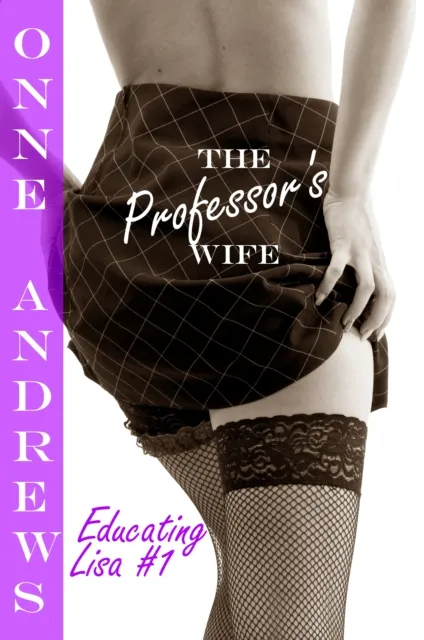 Professor's Wife (Educating Lisa #1)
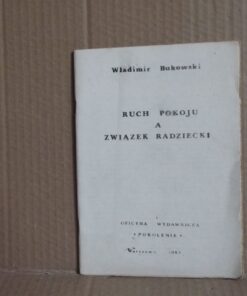 Ruch pokoju a Związek Radziecki - Władimir Bukowski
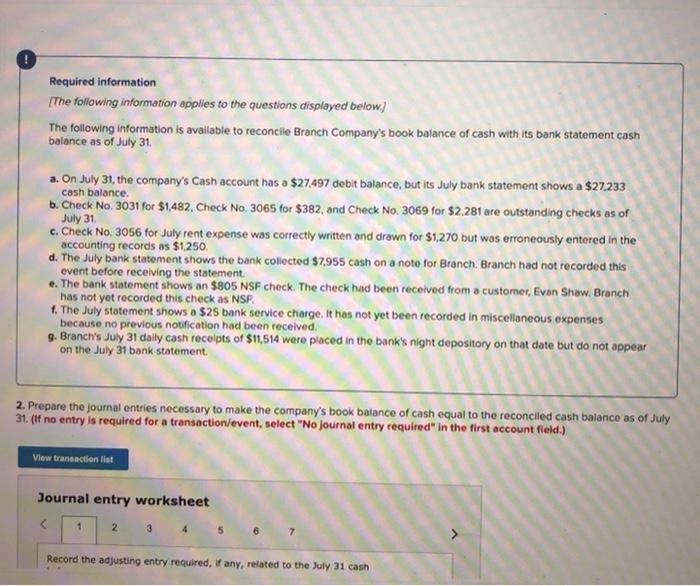 to reconcile Branch Company's book balance of cash with its bank statement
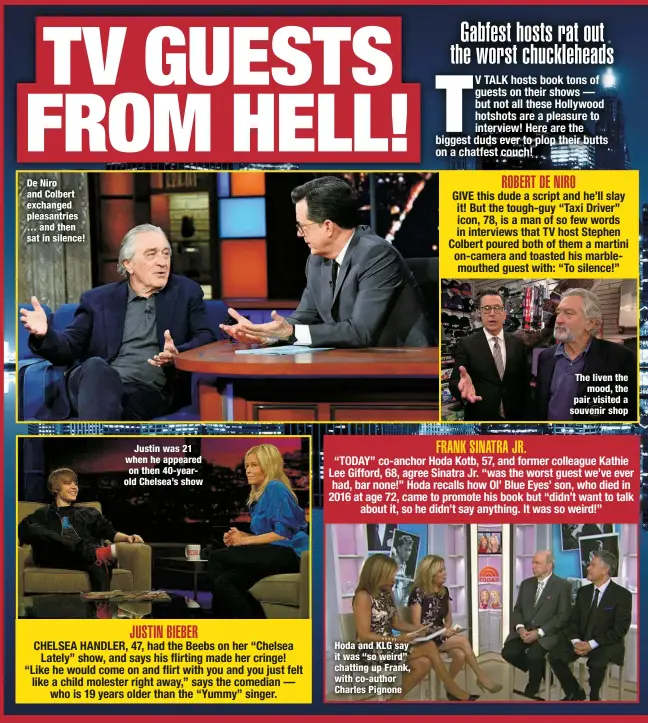  ?? ?? De Niro and Colbert exchanged pleasantri­es … and then sat in silence!
Justin was 21 when he appeared on then 40-yearold Chelsea’s show
Hoda and KLG say it was “so weird” chatting up Frank, with co-author Charles Pignone
The liven the
mood, the pair visited a souvenir shop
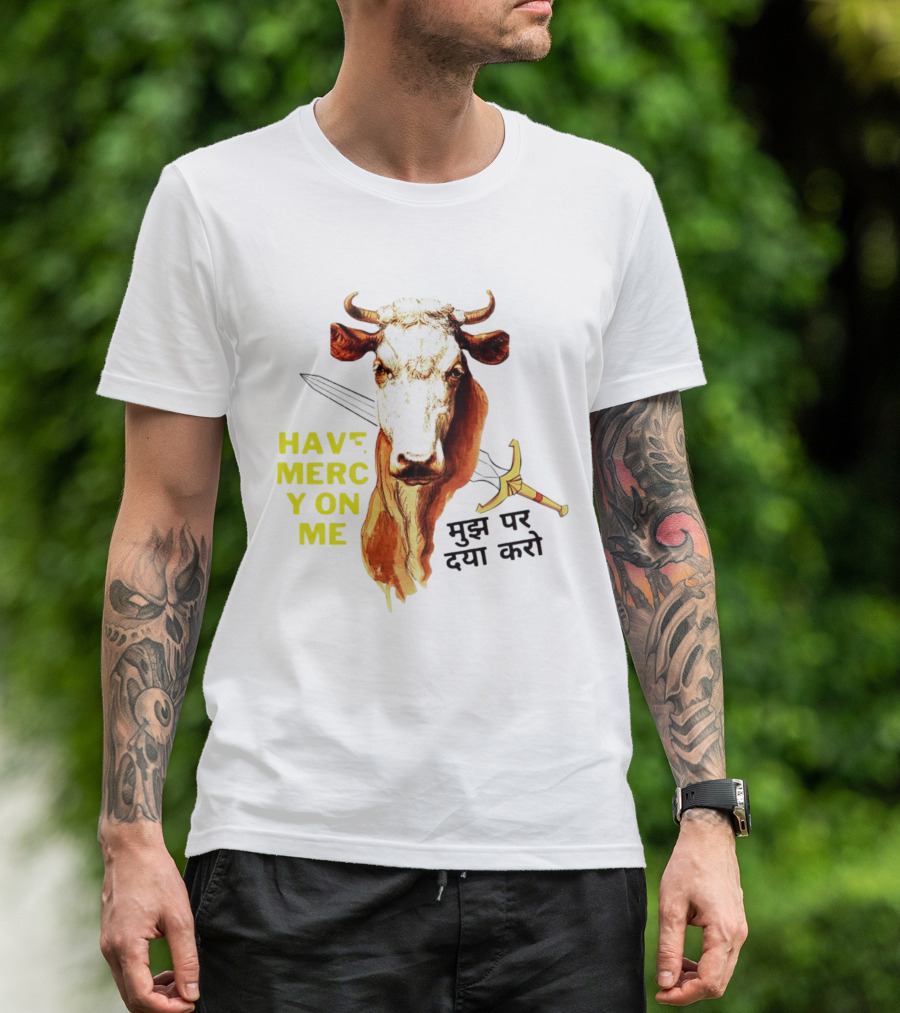 Have Mercy On Me Cow With Sword And Hindi Text T-Shirt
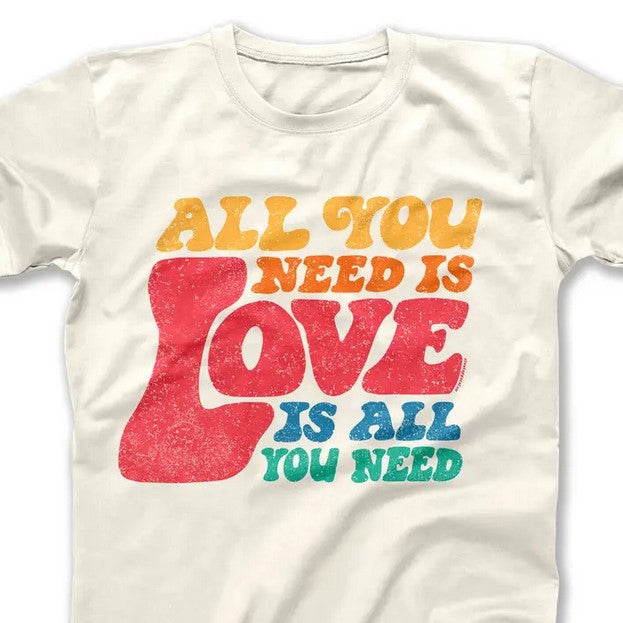 Love is featured in larger text than the rest of the quote and only listed once so you can read" All you need is love is all you need" on a t-shirt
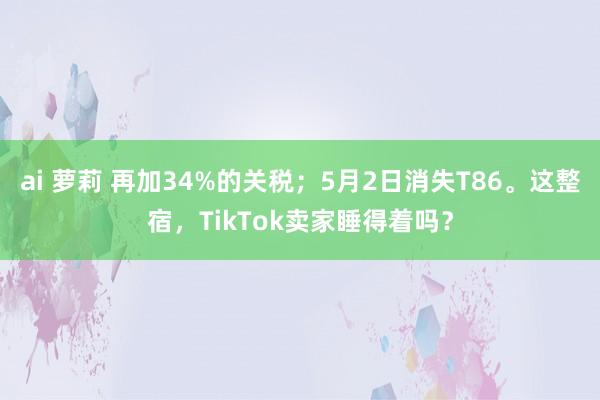ai 萝莉 再加34%的关税；5月2日消失T86。这整宿，TikTok卖家睡得着吗？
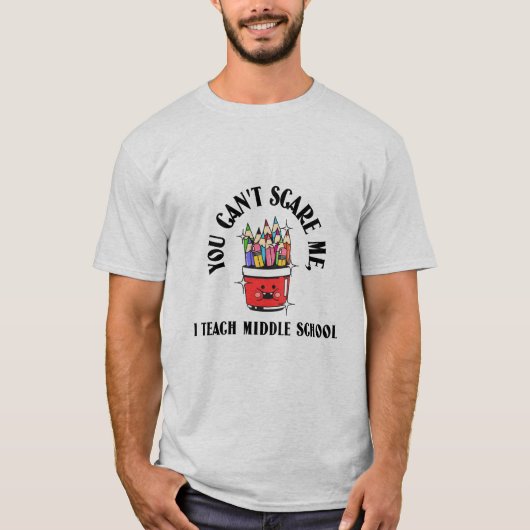  You Can't Scare a Middle School Teacher T-Shirt (Vorderseite)
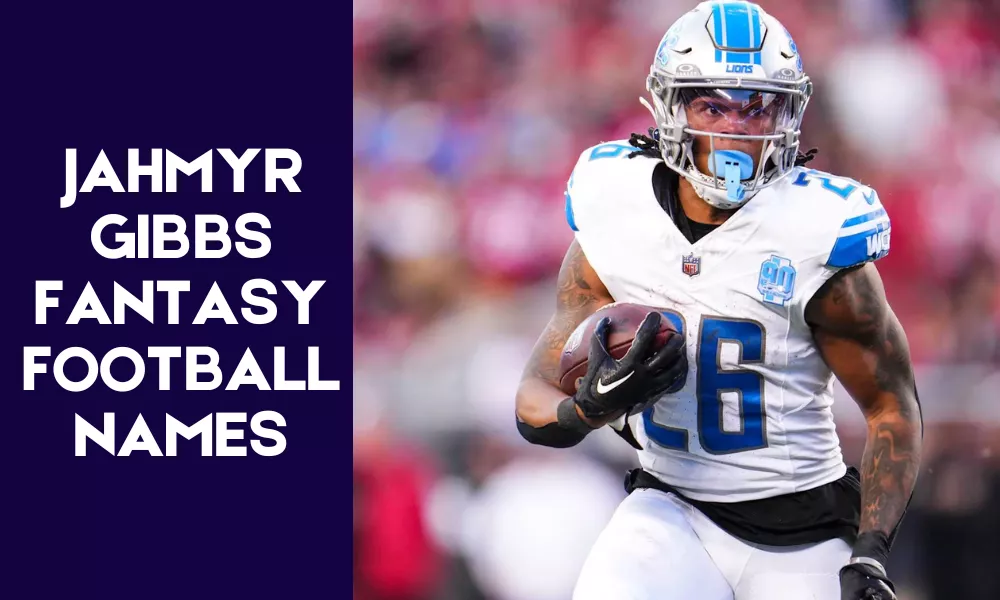 Jahmyr Gibbs Fantasy Names (Funny, Clever & Best Team Name Ideas) 2 Jahmyr Gibbs Fantasy Football Names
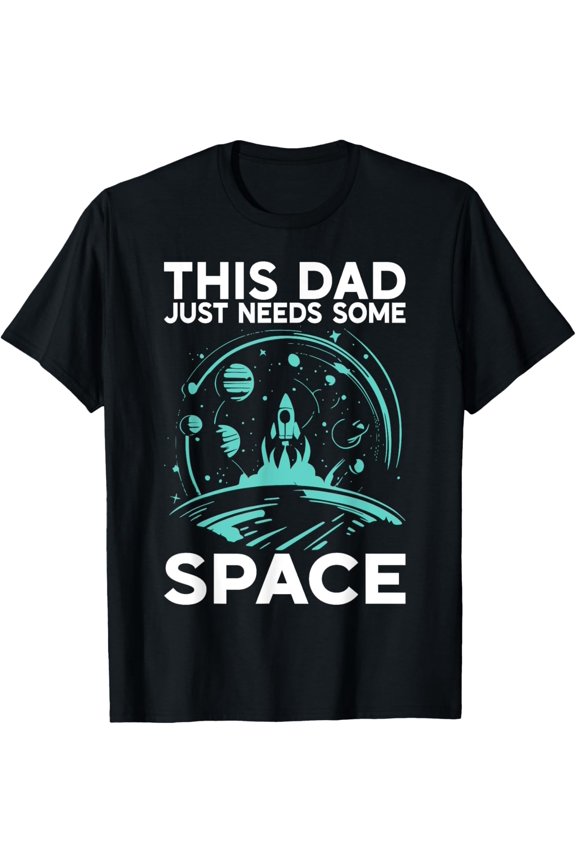 This Dad just needs some Space Astronomy T-Shirt men and women can wear, black, white, gifts.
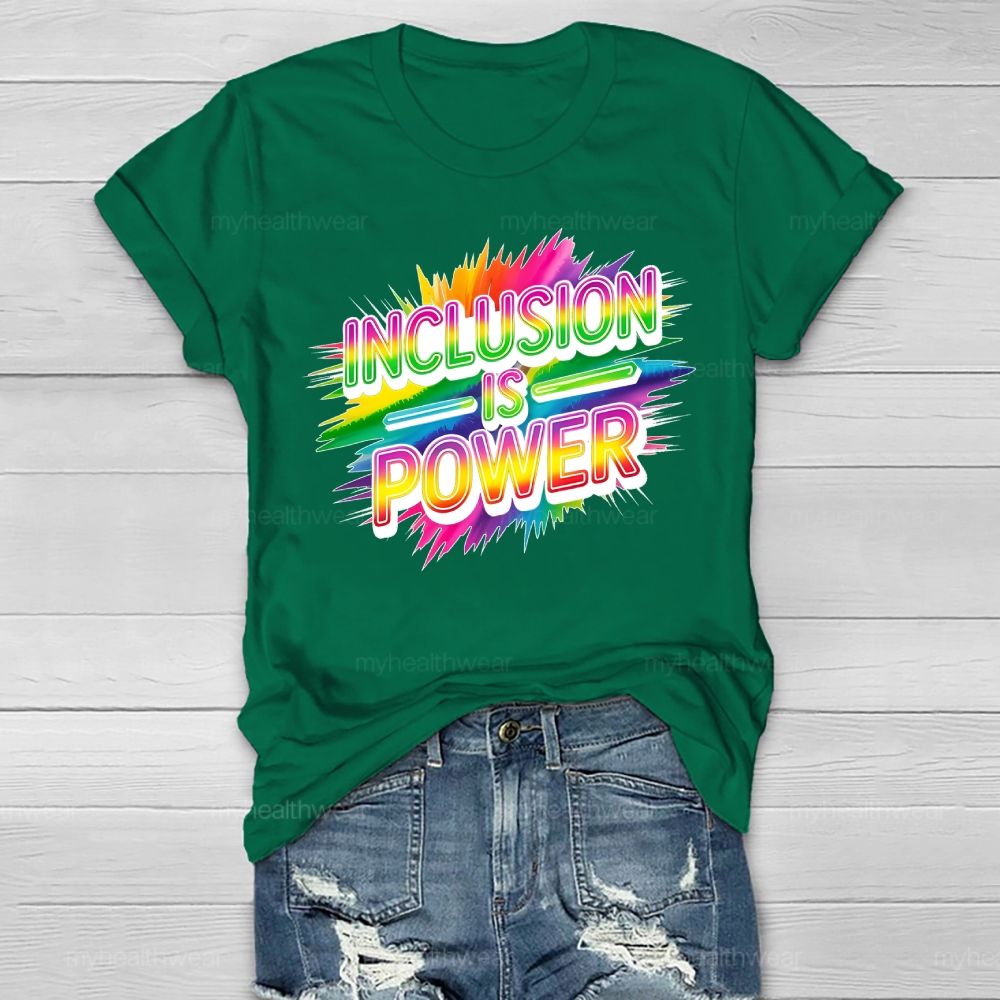 Inclusion Is Power Healthwear T-shirt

-------------------------

■ EXERCISE PROMPT:
Could you retype exactly the lines running from the one with "Jahmyr Gibbs Fantasy Names" to the end of the material above, pictures omitted?

■ WORKED SOLUTION:
 Jahmyr Gibbs Fantasy Names (Funny, Clever & Best Team Name Ideas) 2 Jahmyr Gibbs Fantasy Football Names
 This Dad just needs some Space Astronomy T-Shirt men and women can wear, black, white, gifts.
 Inclusion Is Power Healthwear T-shirt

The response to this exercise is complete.